DATASET CONTENT ▸
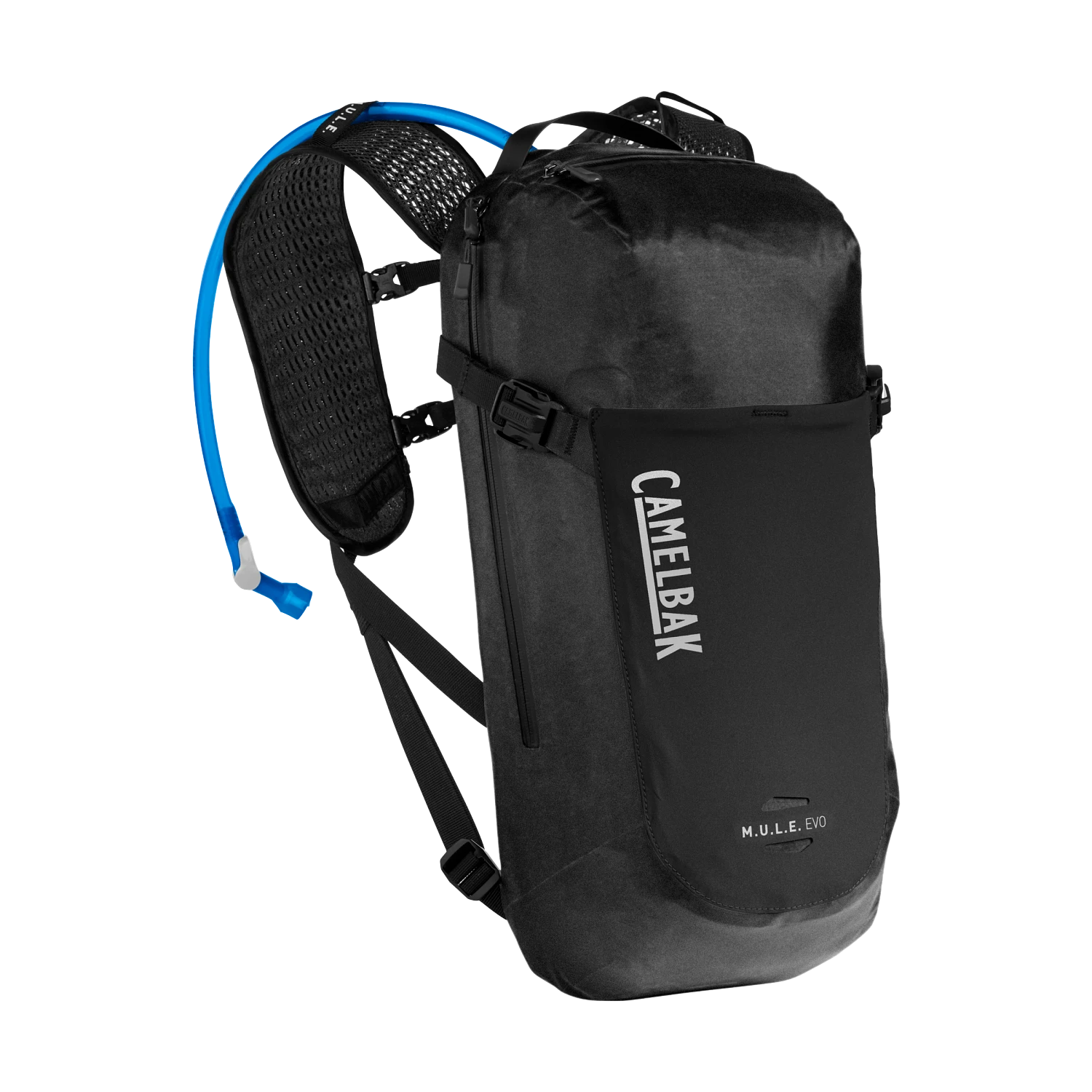 MULE EVO 100OZ [BLK/SLV] OS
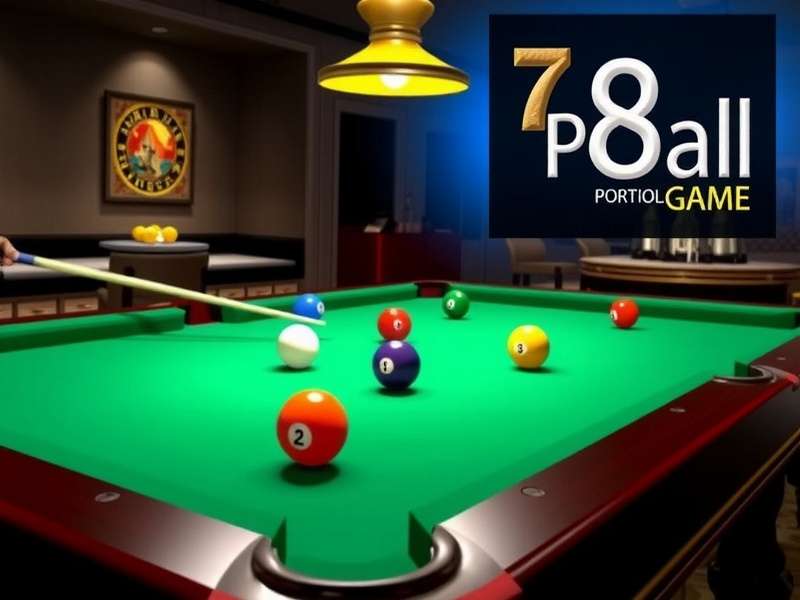 8 बॉल पूल टेबल और नियम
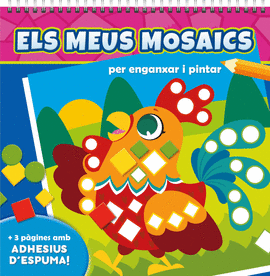 ELS MEUS MOSAICS PER ENGANXAR I PINTAR ANIMALS DOMESTICS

TASK ▸
Retype the lines starting with the one that holds "8 बॉल पूल टेबल और नियम" and ending with the last line of the data above, both included; skip the pictures.

THE ANSWER ▸
 8 बॉल पूल टेबल और नियम
 ELS MEUS MOSAICS PER ENGANXAR I PINTAR ANIMALS DOMESTICS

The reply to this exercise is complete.